How to get rich

Okay, not being a technogeek (please keep reading!) this article came as a suprise to me.

My first thought - Boris could make a ton, a ton I say, of money building and installing these open source digital video recorders for people. Everything's not as open-standardsy as they suggest here - XMLTV my ass. Not something the average person would have the patience to fool with, but boy would they (I) enjoy a cheap DVR customized for my digital system (LOOK TV in my case). Of course, my 15 year old, 13" TV set would probably need to be upgraded. Enough blather - read on...

wired article

Thanks to several open-source projects, you can build your own digital video
recorder that will blow boxes from TiVo and ReplayTV right off the shelf.

About a dozen collaborative software projects are in the works that will
transform a spare computer, or one built from off-the-shelf parts, into a
homemade digital video recorder, or DVR. They also can record multiple shows
simultaneously, archive shows to video CD, play digital music and computer
games and display photographs and local weather forecasts.

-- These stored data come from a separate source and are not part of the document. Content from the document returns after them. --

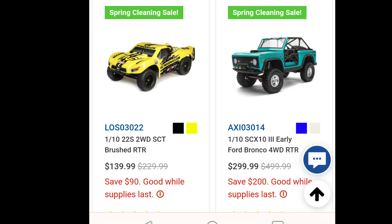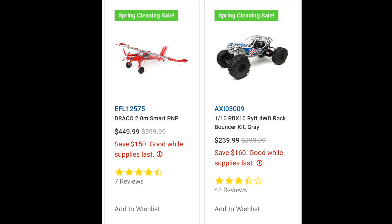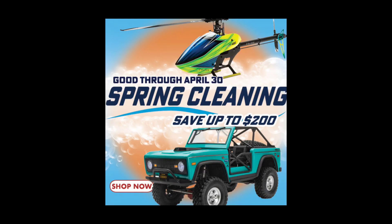Here it is right here — it's from $229 down to $139, so that's a pretty good deal if you're getting into racing or just want something to bash around with. And here's a couple of the other deals as well — that's $160 off that crawler right there.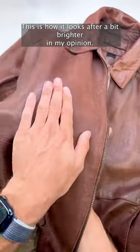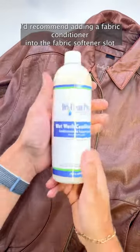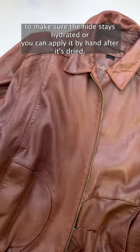This is how it looks after — a bit brighter in my opinion, and it's also just as soft as it started. I'd recommend adding a fabric conditioner into the fabric softener slot to make sure the hide stays hydrated, or you can apply it by hand after it's dried.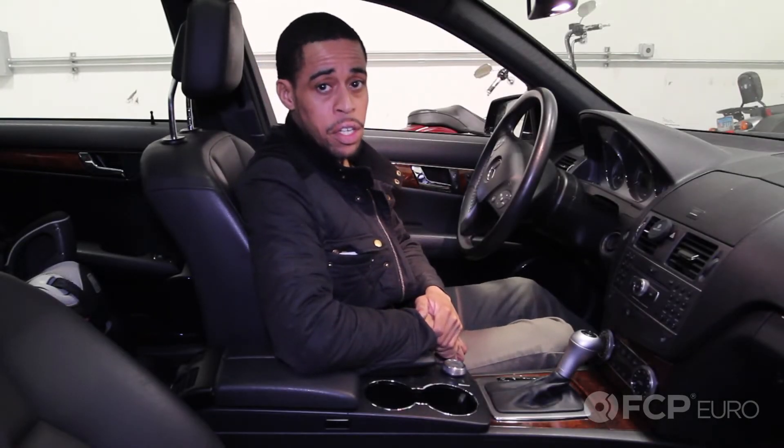Good morning, everyone. Kyle here at FCP Euro. In a previous video, I showed you how to put the vehicle in neutral when you have no battery power using a pen. Today, I'm going to show you how to do it in a late model C300. It doesn't require any tools other than your fingertips.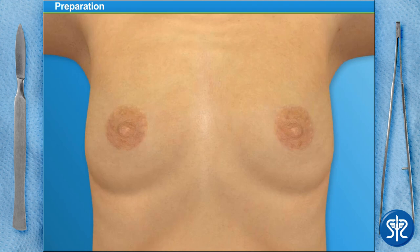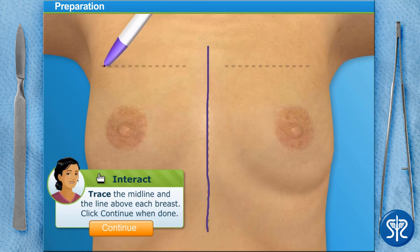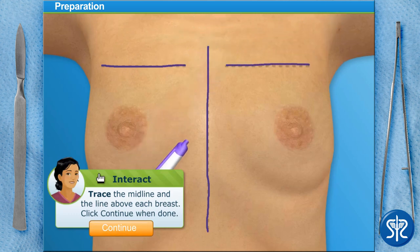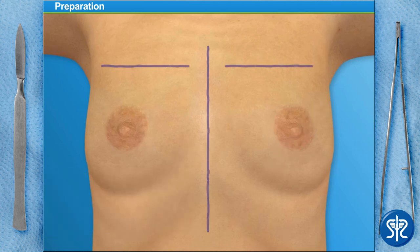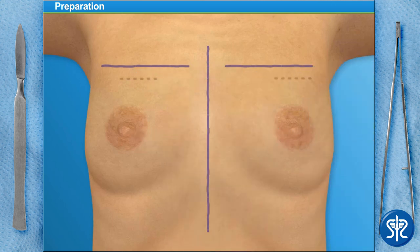In order to make sure each implant is in the correct position, we must first mark where the current top of the breast is and where the midline between the two breasts is as well. This will help us when we position the implant. I've marked each of these with a dotted line — can you draw them in with a marker? Now we need to measure the breast to decide where the top of the implant should go. We do this by measuring with a caliper from the middle of the areola. Draw with the marker at 12 centimeters to mark the top of the implant, then draw the outline of where the implants are going to be placed.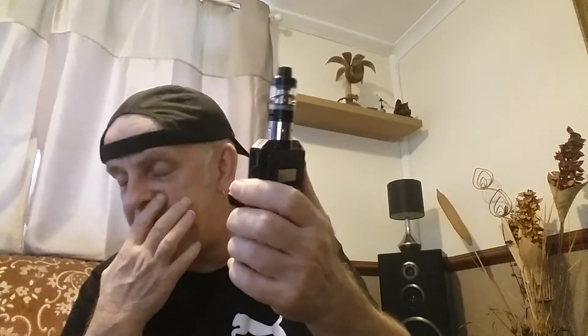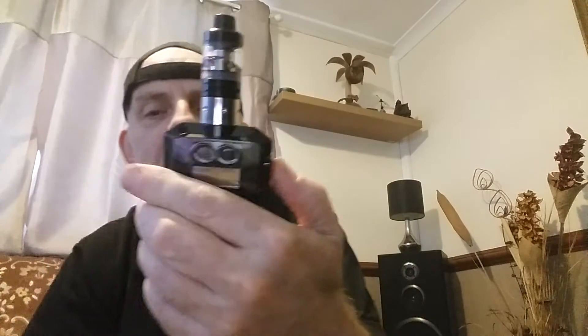It'll charge your phone, give you a torch, and charge your batteries in the mod. Because it's such a reasonable power, I think the batteries are going to last days in it — I'll get back to you on that one. Check it out, man — the Invader. I'd recommend it. 15 pound on eBay — what a steal. Keep on vaping, you guys, don't forget to hit that like button.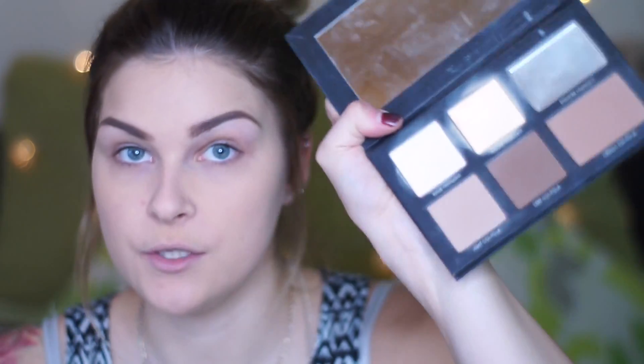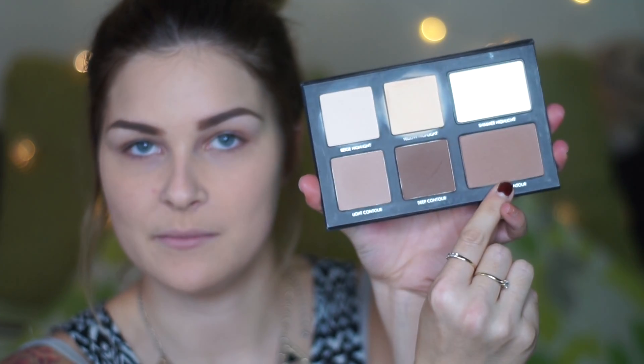Eyebrows are done. Now going back to the face to do a little bit of contour. Whether it's summer, winter, spring, or autumn, I like to contour — it's just my thing. I'm using my Lorac Contour Palette, taking the medium contour shade on a fluffy Blank Canvas Cosmetics F15 brush just to blend. I apply it in the usual spots — down the sides of the temples and on the perimeter of the face to bring back definition and depth and just warm things up.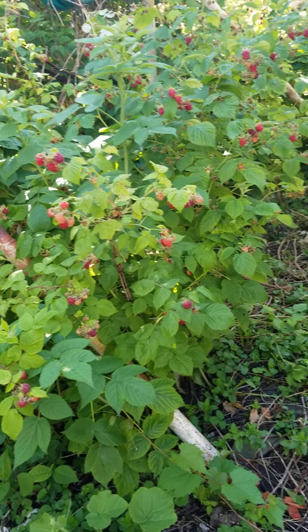After these berries are done giving me fruits — probably around the middle of July they'll be done fruiting — the next one I'm going to harvest will be these blackberries. I have them right here in the middle. It has a lot of fruits too. I mean there's a lot of fruits.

Thanks to the combined expertise of about half a dozen hackers from all over
the world, the project is close to assembling a complete software package for
homemade DVRs. Version 0.9 of the MythTV software is due out next week.

Based on Linux, the free software features an easy-to-use graphical interface,
which can be navigated with a standard remote.

The MythTV software offers all the basic DVR features -- it can pause and
rewind live TV, and fast-forward through shows and ads. It supports multiple
tuner cards (and multiple simultaneous recordings) and boasts
picture-in-picture capability if there's more than one tuner card installed. It
also offers basic video-editing capabilities and allows shows to be archived to
video CD.

MythTV grabs programming information from the Net using XMLTV, an open-source
project that scrapes television listings off the TV Guide website.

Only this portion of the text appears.